TASK DESCRIPTION:
Output the data unchanged and complete, minus the images.

DATA BLOCK:
-- Opening Marker --
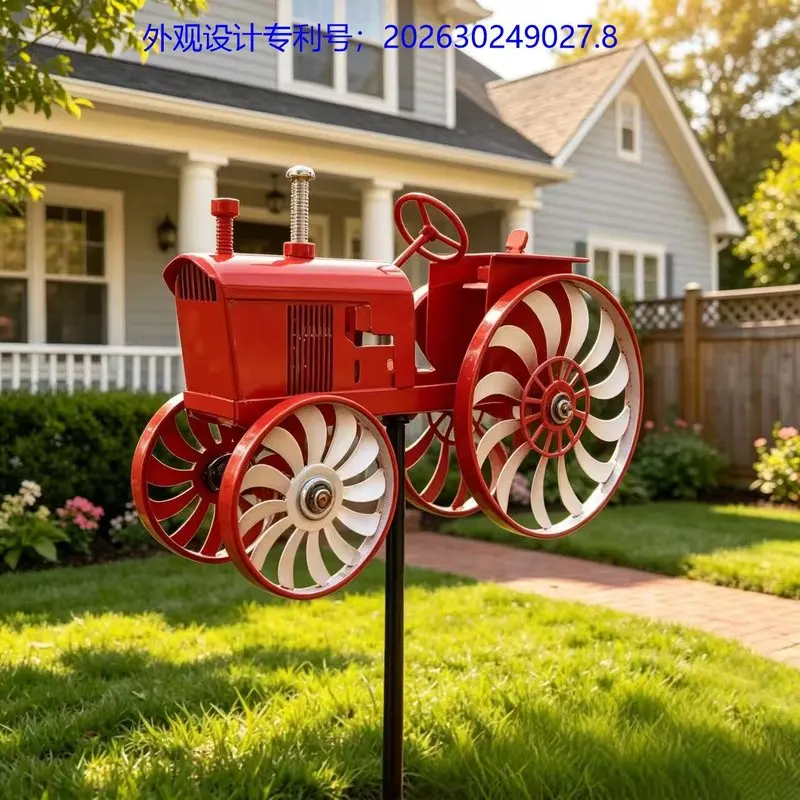 Cross-border metal wrought iron tractor windmill garden outdoor rotating decorative ornament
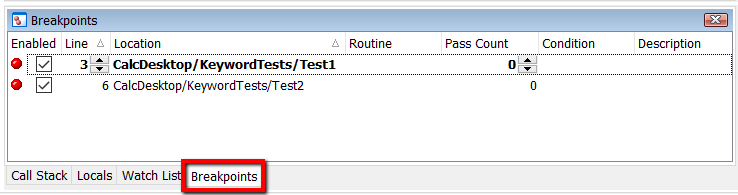 TestComplete Debuging Panel Break Points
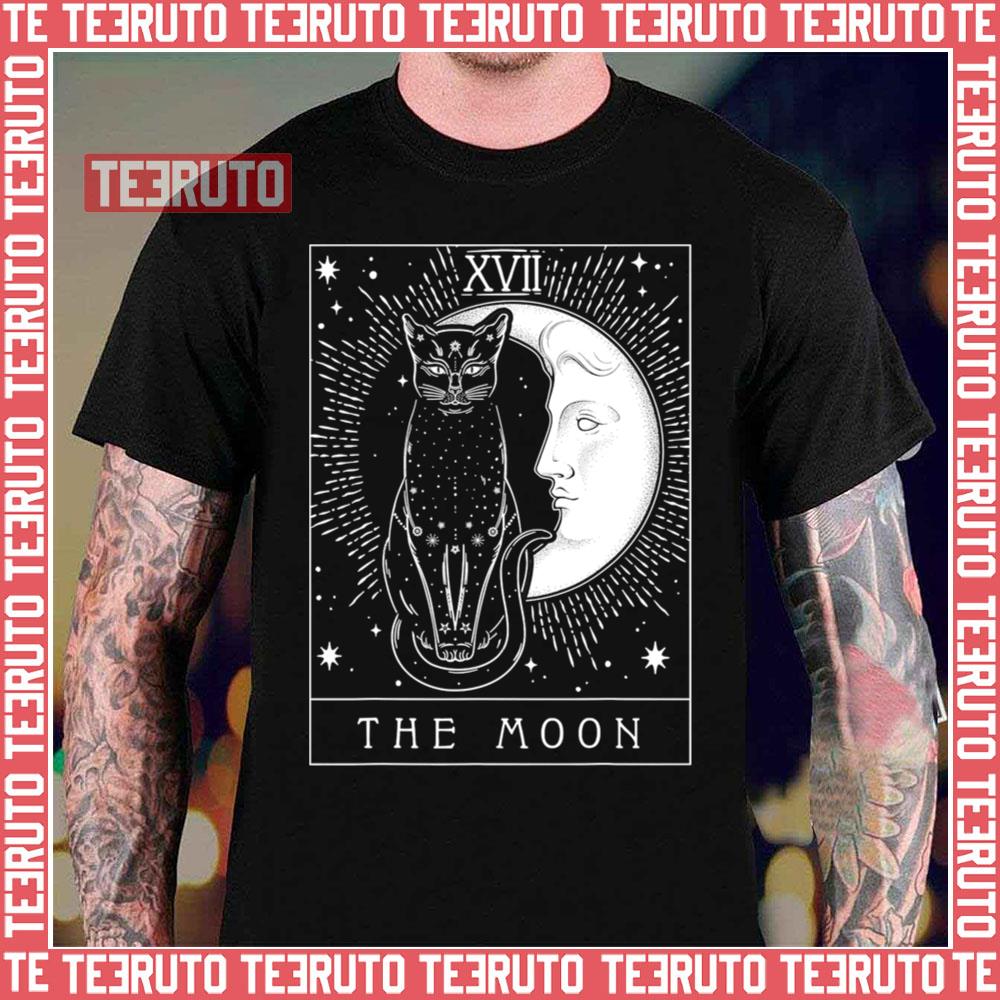 Tarot Card Crescent Moon And Cat Graphic Unisex T-Shirt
-- Closing Marker --
RESULT OF THIS TASK:
 Cross-border metal wrought iron tractor windmill garden outdoor rotating decorative ornament
 TestComplete Debuging Panel Break Points
 Tarot Card Crescent Moon And Cat Graphic Unisex T-Shirt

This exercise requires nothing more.